What happened
Shares of Advanced Micro Devices (AMD -0.35%) rose 148.4% in 2019, according to data from S&P Global Market Intelligence. The chip designer held on to a rare manufacturing process lead over archrival Intel (INTC -3.57%) to boost its presence in the markets for data center computing and high-end gaming machines.
So what
AMD's manufacturing partners are already able to crank out large-scale production runs of processors using 7-nanometer chip traces. Meanwhile, Intel is only getting started on 10-nanometer production runs. Intel is usually the top dog in these manufacturing process battles, giving the larger company a far more cost-effective production platform. But the world turned upside down in 2018, so AMD holds that ace card these days.
Now what
The process advantage is not an academic trump card. AMD started shipping 7-nanometer PC processor and graphics chips in the third quarter, and the market embraced these products with open arms. The company posted its highest single-quarter revenue haul since 2005 while also expanding its profit margins across the board.

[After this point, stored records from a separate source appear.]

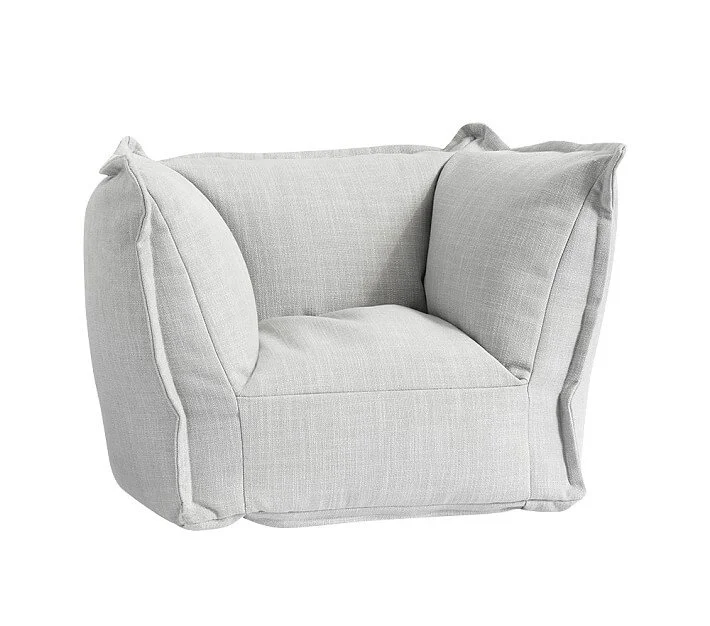 “My First Bean Chair” Modern Kids + Baby. Bønnestol med fire innvendige fyllingsrom for å beholde formen.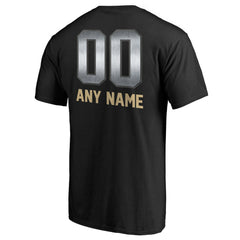 New Orleans Saints Personalized Midnight Mascot T-Shirt - Black outlet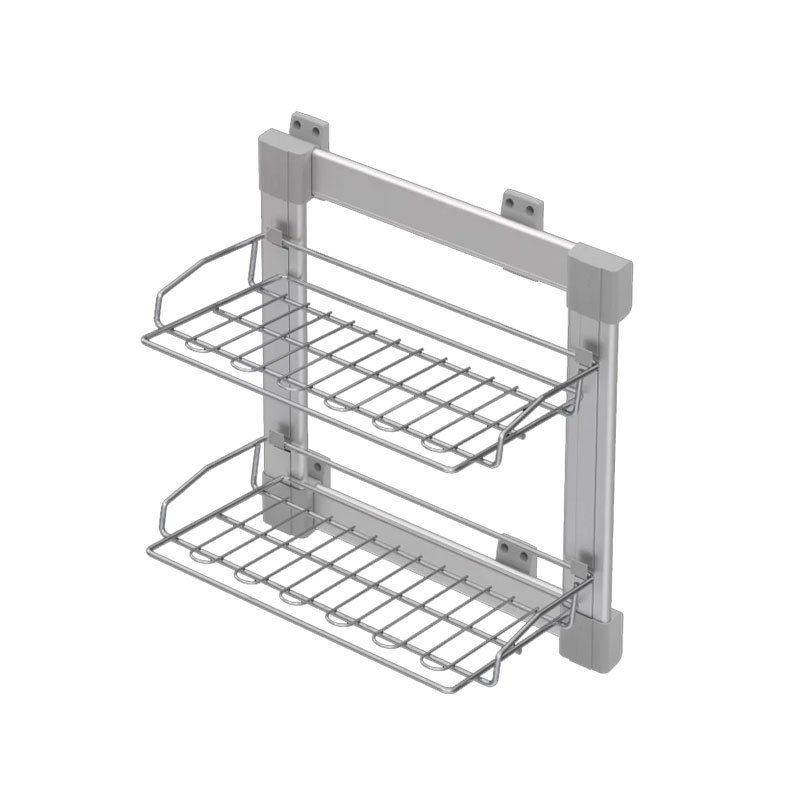 (#) S-6282-G Alüm. 2 Katlı Ayakkabılık Sağ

"We have the strongest product portfolio in our history," CEO Lisa Su said in the third-quarter earnings call. "We're on track to exit 2019 with another quarter of significant growth, driven by the ramp of our 7-nanometer products and believe we are well-positioned to build our momentum in 2020 and beyond as we deliver an even stronger set of leadership products that can drive sustained growth, an increased share of the $75 billion markets for high-performance computing and graphics technologies."
That's exciting stuff. AMD operates from a position of strength for the first time in more than a decade, and the skyrocketing stock returns make sense against that backdrop.